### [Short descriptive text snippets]
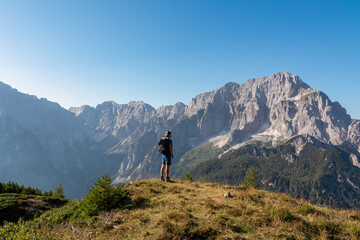 Obraz premium Active hiker man on alpine meadow with scenic view of rugged mountain peak Jof di Montasio. Majestic ridges of Julian Alps in Somdogna, Friuli Venezia Giulia, Italy. Wanderlust Italian Alps in summer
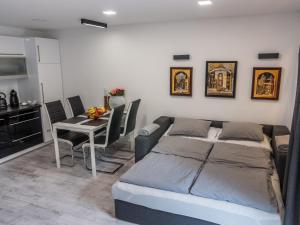 a bedroom with a bed and a table with chairs at Lóczy Apartman in Balatonfüred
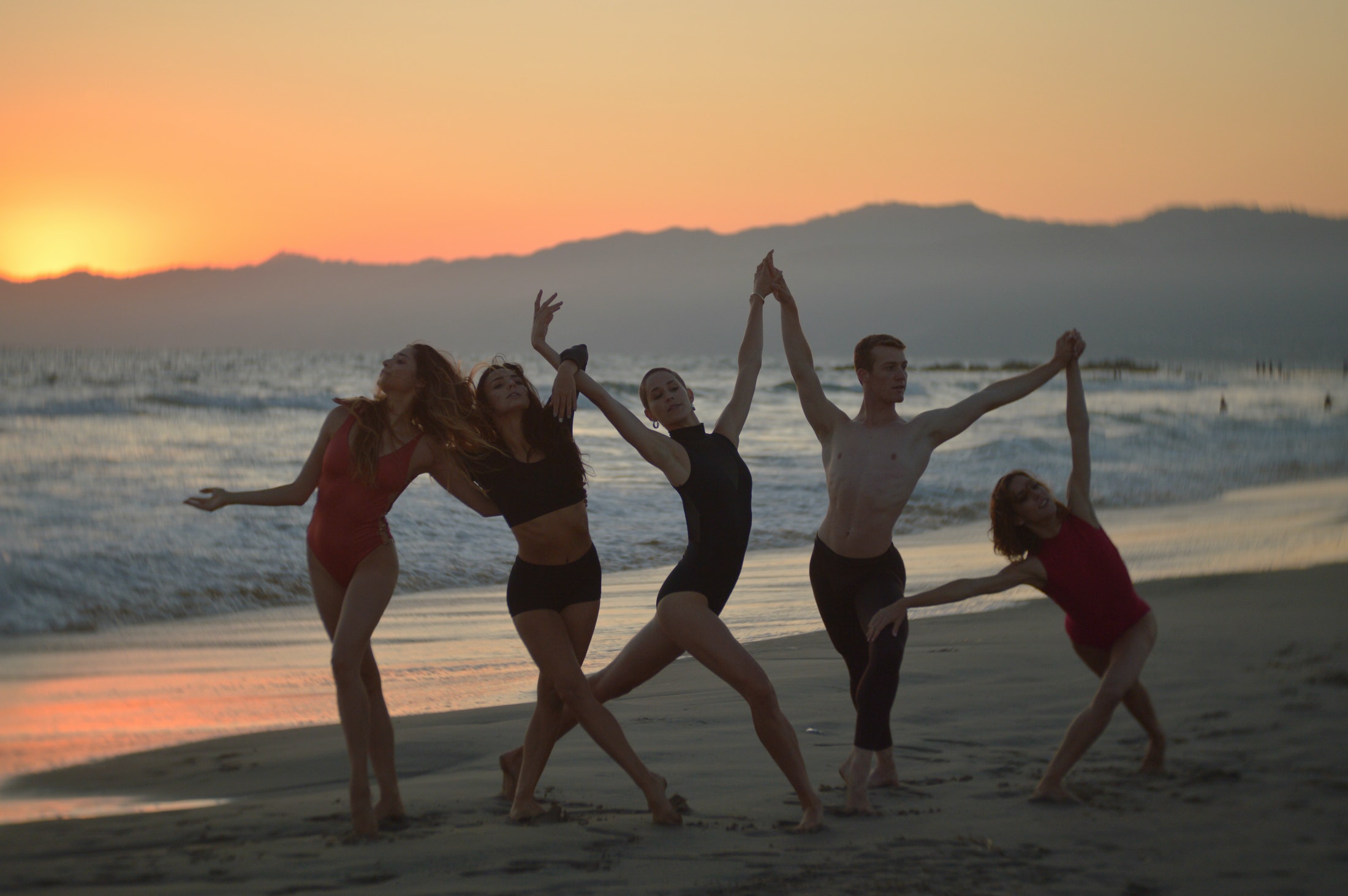 Joyful slim friends dancing on sandy seashore at sundown
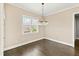 Well-lit dining room with hardwood floors and elegant trim at 158 Futrell Ridge Ct, Chapel Hill, NC 27517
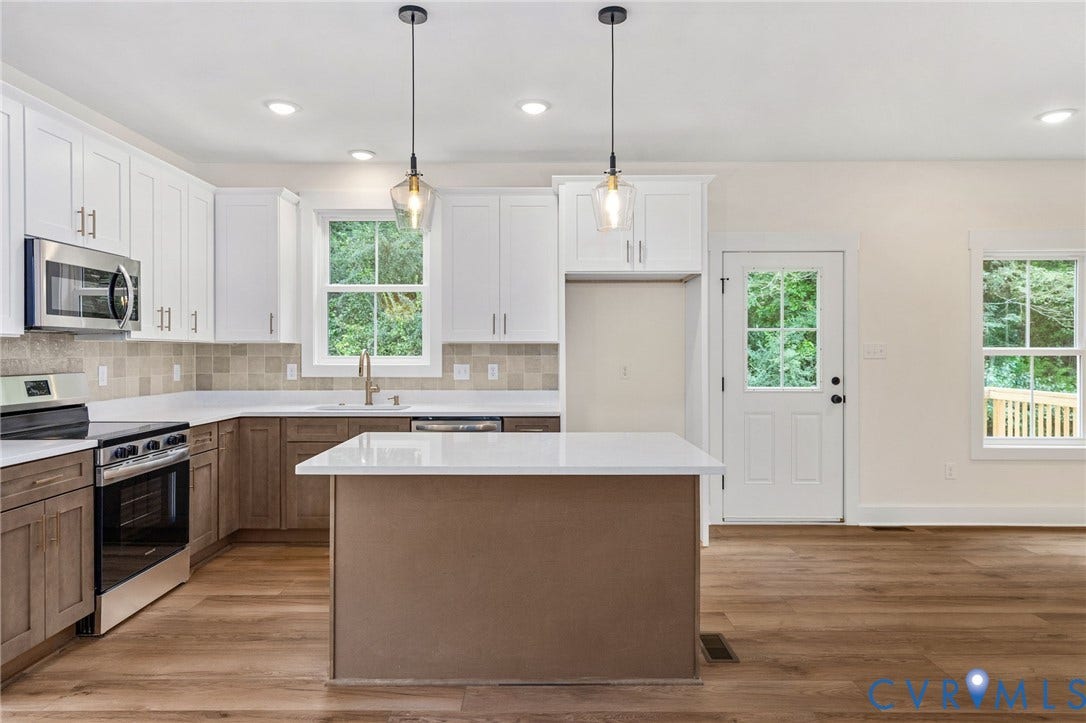 7605 Oster Drive, Chamberlayne Farms Area, Henrico, VA 23227 Kitchen featuring wood-finish flooring, a central island with white countertop, white upper cabinetry, brown lower cabinetry, and stainless steel appliances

### [Exercise goal]
The lines from the one with "Well-lit dining room" to the end of the data above should be retyped exactly, both ends included, and pictures are to be left out.

### [Final answer]
 Well-lit dining room with hardwood floors and elegant trim at 158 Futrell Ridge Ct, Chapel Hill, NC 27517
 7605 Oster Drive, Chamberlayne Farms Area, Henrico, VA 23227 Kitchen featuring wood-finish flooring, a central island with white countertop, white upper cabinetry, brown lower cabinetry, and stainless steel appliances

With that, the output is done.